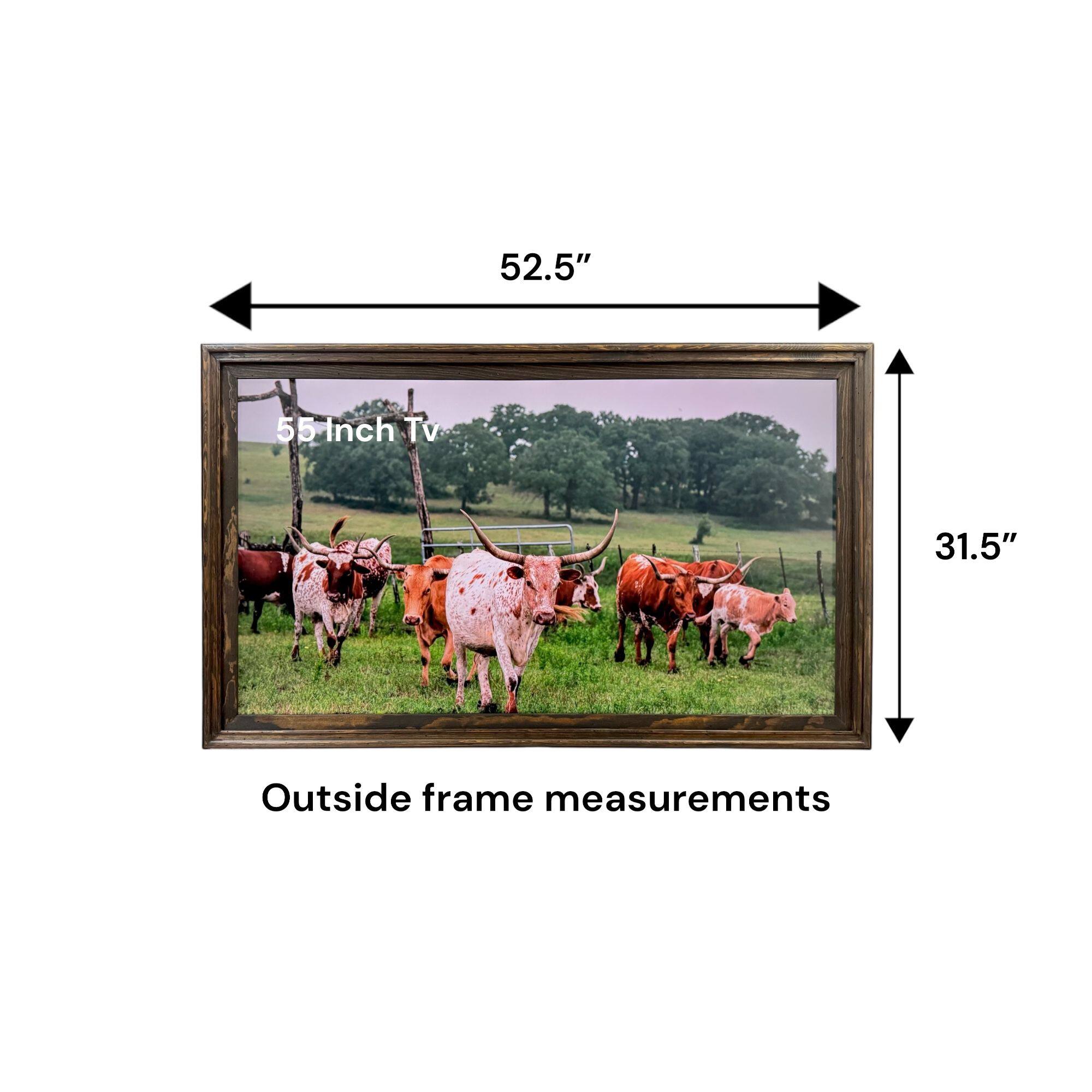 52.5" x 31.5" Outside frame measurements

55 Inch Tv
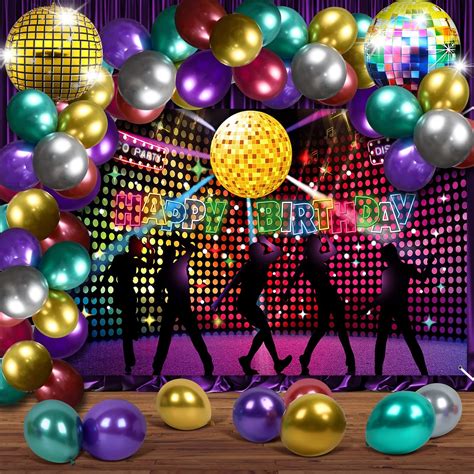 Disco Birthday Party Decorations Large Happy Birthday Disco Banner ...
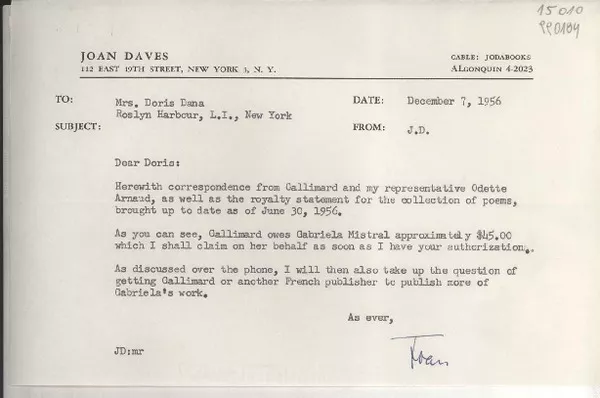 [Carta] 1956 Dec. 7, Joan Daves, 112 East 19th Street, New York 3, N. Y., [EE.UU.] [a] Mrs. Doris Dana, Roslyn Harbour, L. I., New York, [EE.UU.]  [manuscrito] Joan Daves.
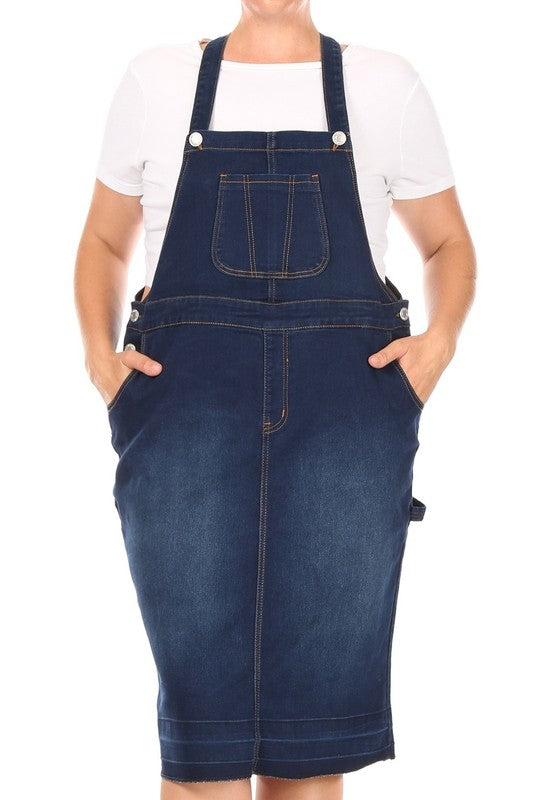 Denim Midi Overall Dress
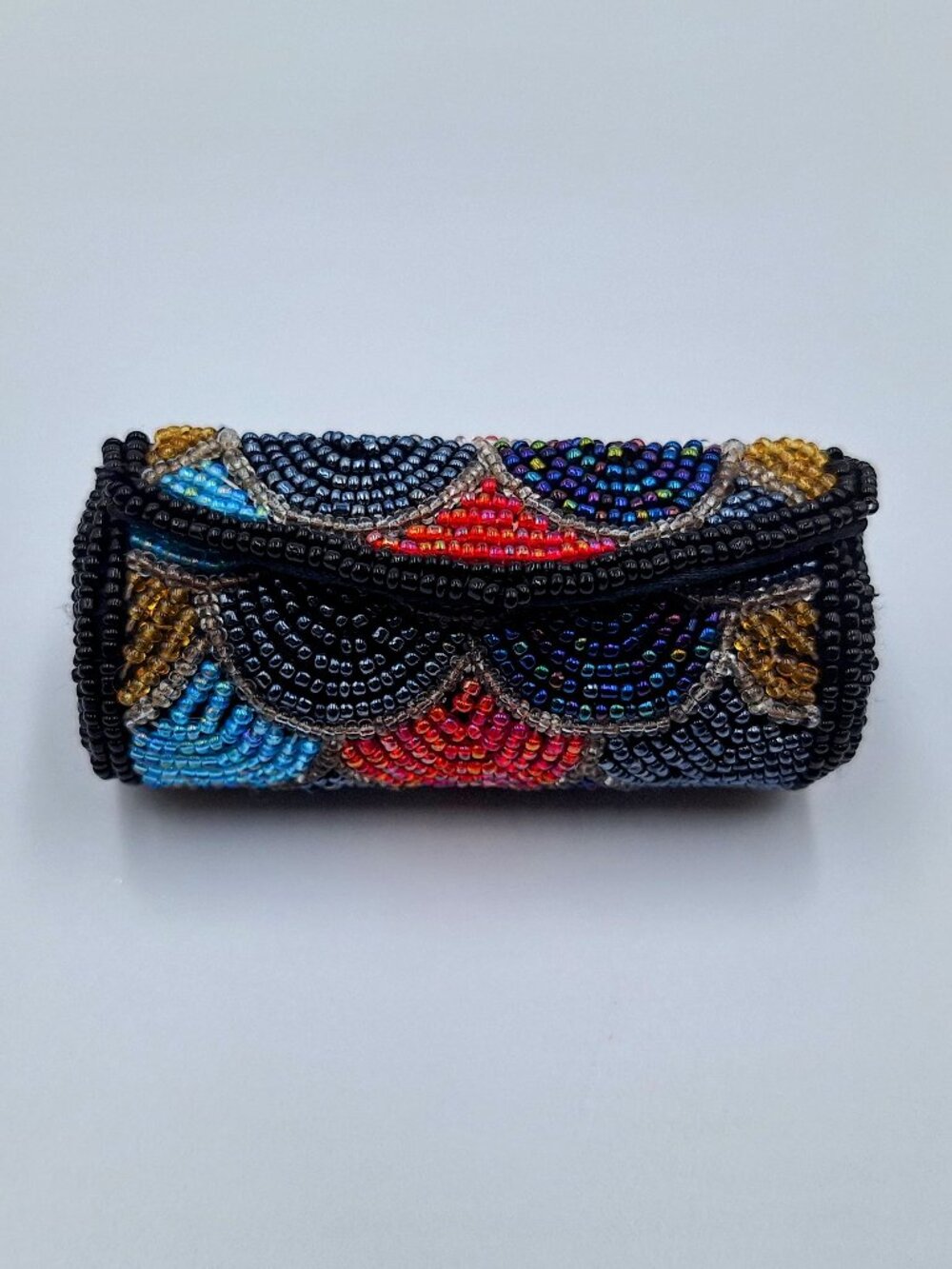 Vintage Beaded Lipstick Case Holder with Mirror - Button Close Lipstick Tube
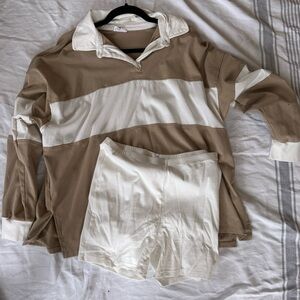 Tan and White Striped Set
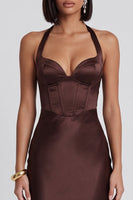 Laden Sie das Bild in den Galerie-Viewer, Dunkelbraunes Satin Korsett Bodycon Halter Midi-Cocktailkleid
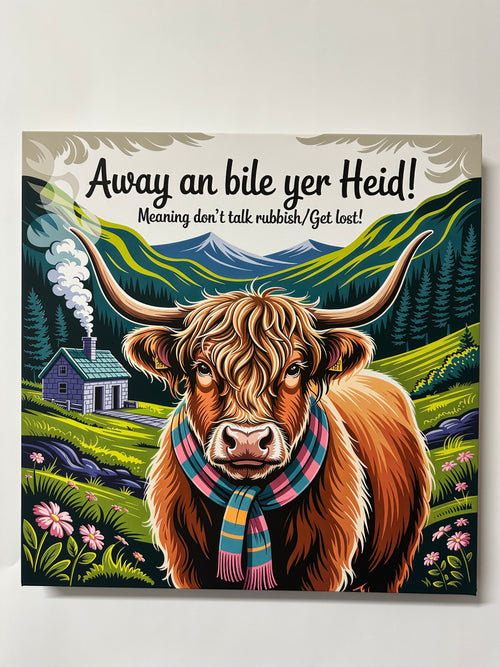 Colorful poster with a highland cow wearing a scarf against a nature-themed background.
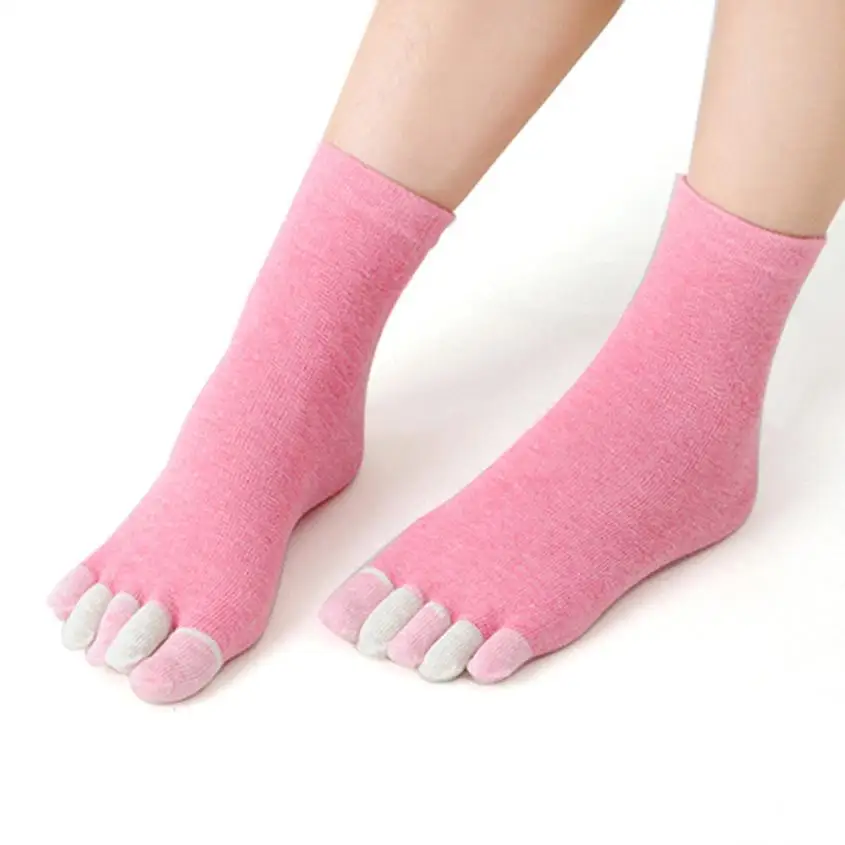 Women Socks Womens Cotton Colorful Non Slip Massage Toe Socks Full Grip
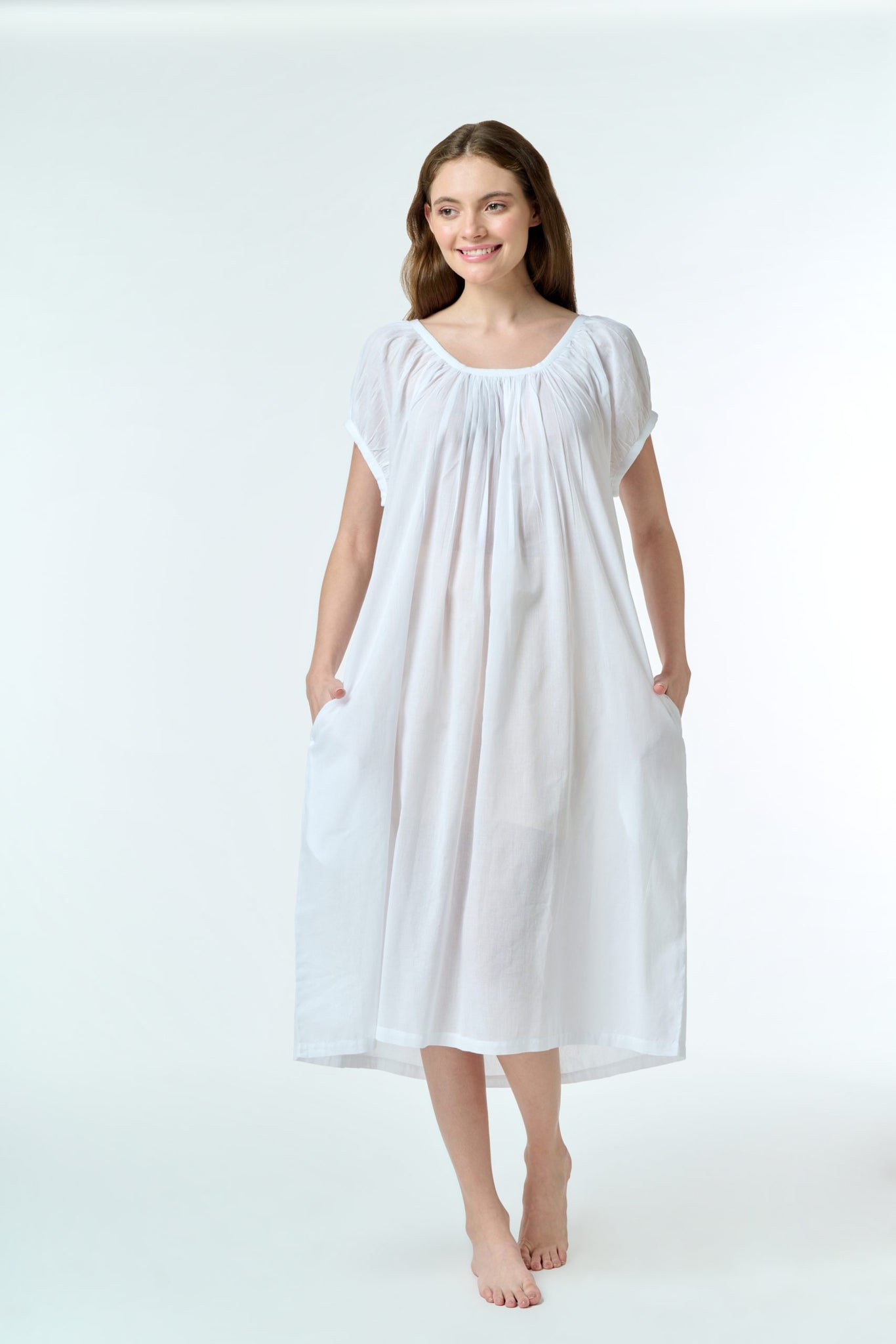 Arabella 100% Cotton Night Dress Capped Sleeve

***

*TASK INSTRUCTIONS*
Print exactly the lines above that run from the one with "Birthday Disco Banner ..." down to the one with "Laden Sie das", and omit the pictures.

*FINAL ANSWER*
 Disco Birthday Party Decorations Large Happy Birthday Disco Banner ...
 [Carta] 1956 Dec. 7, Joan Daves, 112 East 19th Street, New York 3, N. Y., [EE.UU.] [a] Mrs. Doris Dana, Roslyn Harbour, L. I., New York, [EE.UU.]  [manuscrito] Joan Daves.
 Denim Midi Overall Dress
 Vintage Beaded Lipstick Case Holder with Mirror - Button Close Lipstick Tube
 Tan and White Striped Set
 Laden Sie das Bild in den Galerie-Viewer, Dunkelbraunes Satin Korsett Bodycon Halter Midi-Cocktailkleid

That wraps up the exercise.